Photo: Dustin Bradford/Icon Sportswire/Getty Images

You’re never going to believe me when I say this, but I swear it is true: There was a time that Tom Brady, Bill Belichick and the New England Patriots were America’s Team, true underdogs that everybody I knew was cheering for. Forgive us: We were young, and we did not know.

There were multiple reasons we were all rooting for the Patriots in the 2002 Super Bowl — a desire for an upset, the U2 halftime show, that we didn’t really know Brady or Belichick yet, just general immediate post-9/11 brain fog — but the primary one was that we thought they were taking down a dynasty. The Greatest Show on Turf St. Louis Rams had won the Super Bowl two years before and were heavily favored to do so again, looking for all the world like an unstoppable team that would win titles for years to come; they looked like the dynasty in waiting. And after a succession of the Steelers, 49ers, Cowboys, and Broncos, we were very sick of those. The Patriots felt like they were standing athwart history, like the little guys taking down the empire.

This is, of course, the opposite of what they were. That Super Bowl would end up being the first of six titles Brady and Belichick would win together with the Patriots, teaming up to become the most storied and hated franchise in NFL history. The duo would eventually break up — Brady to win one more title with the Buccaneers, Belichick to do whatever the heck he’s doing in Chapel Hill right now — but they remain as avatars of what sports fans claim to dislike more than anything else: a dynasty. Sports fans love the toppling of a dynasty, too, which is why their breakup was so satisfying: It brings them back to earth, reminds us that they are human, lets us pretend they are zhlubs like the rest of us.

But the circle forever comes back around, which brings us to today and, potentially, the end of the Patriots’ replacement dynasty.
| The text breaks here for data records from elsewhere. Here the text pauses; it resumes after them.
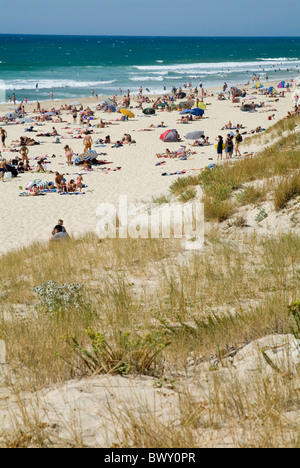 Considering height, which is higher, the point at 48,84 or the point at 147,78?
the point at 147,78

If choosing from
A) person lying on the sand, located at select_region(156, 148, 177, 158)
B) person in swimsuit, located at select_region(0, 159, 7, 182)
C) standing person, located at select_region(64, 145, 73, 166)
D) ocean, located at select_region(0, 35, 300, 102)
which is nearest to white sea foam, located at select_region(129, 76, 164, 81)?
ocean, located at select_region(0, 35, 300, 102)

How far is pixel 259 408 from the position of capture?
2451 mm

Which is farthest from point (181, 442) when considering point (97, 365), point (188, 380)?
point (97, 365)

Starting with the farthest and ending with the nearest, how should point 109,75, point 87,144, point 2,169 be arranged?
point 109,75 → point 87,144 → point 2,169

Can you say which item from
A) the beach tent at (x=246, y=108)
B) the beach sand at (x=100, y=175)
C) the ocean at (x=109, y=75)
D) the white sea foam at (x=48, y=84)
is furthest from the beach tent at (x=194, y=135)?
the white sea foam at (x=48, y=84)

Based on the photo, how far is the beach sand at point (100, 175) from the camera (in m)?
14.0

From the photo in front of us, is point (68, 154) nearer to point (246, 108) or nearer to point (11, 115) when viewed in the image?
point (11, 115)

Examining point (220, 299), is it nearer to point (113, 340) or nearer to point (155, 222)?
point (113, 340)

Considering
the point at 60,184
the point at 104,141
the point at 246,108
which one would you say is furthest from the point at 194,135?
the point at 246,108

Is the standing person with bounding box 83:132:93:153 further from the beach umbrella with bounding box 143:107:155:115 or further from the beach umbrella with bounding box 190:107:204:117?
the beach umbrella with bounding box 143:107:155:115

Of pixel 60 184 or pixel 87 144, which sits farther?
pixel 87 144

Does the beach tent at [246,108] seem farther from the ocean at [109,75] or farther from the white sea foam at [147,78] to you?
the white sea foam at [147,78]

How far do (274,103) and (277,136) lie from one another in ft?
78.1

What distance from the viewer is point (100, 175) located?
19.9m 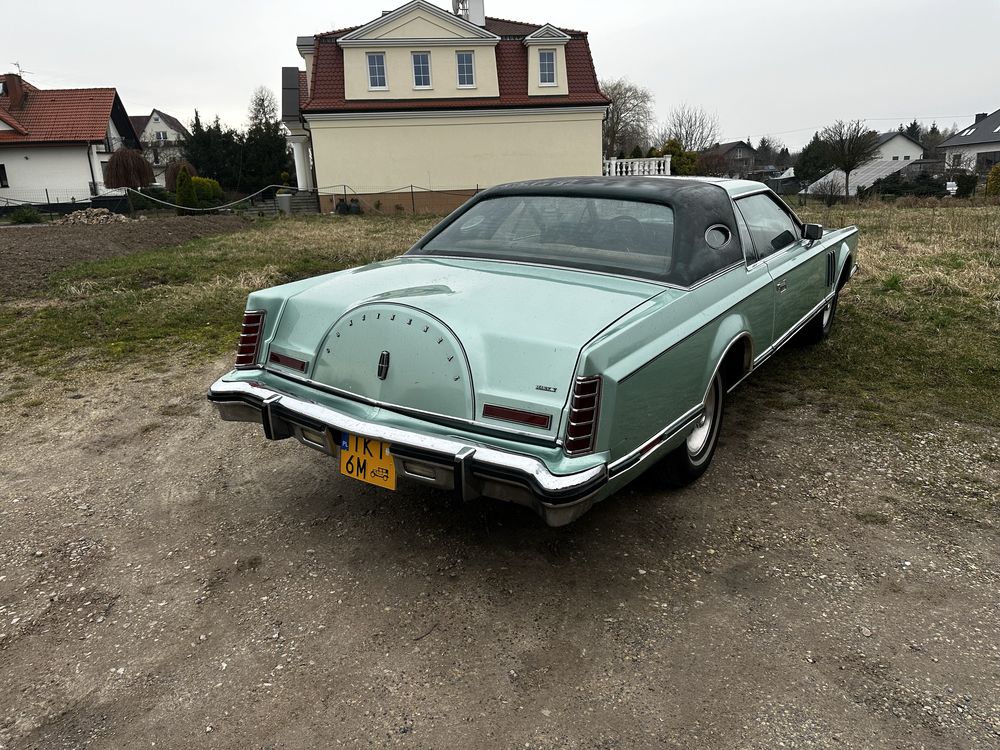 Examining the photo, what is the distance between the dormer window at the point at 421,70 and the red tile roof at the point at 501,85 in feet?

The year after the Patriots’ final title, 2020, was the first championship won by the Kansas City Chiefs, a young, plucky upstart team with an endlessly inventive and excited 24-year-old quarterback named Patrick Mahomes; his perpetual-bridesmaid coach, Andy Reid (who coached the Eagles for 14 years without ever winning a title); and an All-Pro tight end named Travis Kelce, who was known more for his yards-after-catch ability and that he’d been suspended from his college team for smoking weed than he was for having once starred on his own reality dating show. They were fresh and new and fun, mostly because we didn’t know they’d win two more Super Bowls in the next four years and we’d all get sick of them too.

This is all to say: The Chiefs’ dynasty is in serious danger and … everyone seems fine with it?

Kansas City lost a brutal game Sunday to the Denver Broncos, a team that has passed them for first place in the AFC West, dropping the Chiefs to 5-5 on the season, the latest they have been .500 in a decade. The Chiefs have won nine straight division titles, but they now face the very real possibility of missing the playoffs entirely. January games in Kansas City have been the signature feature of the NFL postseason for a decade now. But you won’t see Taylor Swift in an Arrowhead Stadium luxury box this year.

There are a variety of reasons for this. ESPN’s excellent Bill Barnwell has an exhaustive rundown of the Chiefs’ problems, but all told, he makes a good case that the major difference between last year’s Super Bowl–losing team and this year’s 5-5 one is simply bad luck. It’s telling that the Chiefs missing the playoffs and potentially even dismantling when the season is over … doesn’t seem like that big of a deal? It is possible this is the end of the Chiefs as we know them, after all. Reid is the second-oldest coach in the NFL and has toyed with retiring for years, and while Kelce may seem youngish in a pop-culture sense, he’s one of the oldest players in the NFL, and his body has 14 years of tight-end mileage on it. (His numbers this year are also far below his Hall of Fame career averages, though they are an improvement on last year’s.) It is widely thought that Kelce will retire at the end of the season; he does, after all, have a lot of other stuff going on. Mahomes isn’t going anywhere — he’s still only 30 — but his numbers are also far below his career peak, and he has arguably been passed among quarterbacks by the Bills’ Josh Allen, the Ravens’ Lamar Jackson, the Rams’ Matthew Stafford, and even (gasp) the Patriots’ Drake Maye, their 23-year-old phenom who has taken the league by storm this year. (In further proof that we cannot remember our own history, there are even people who consider him, the Patriots quarterback, a plucky and likable underdog himself.) The Chiefs, as we have known them, are this close to ending.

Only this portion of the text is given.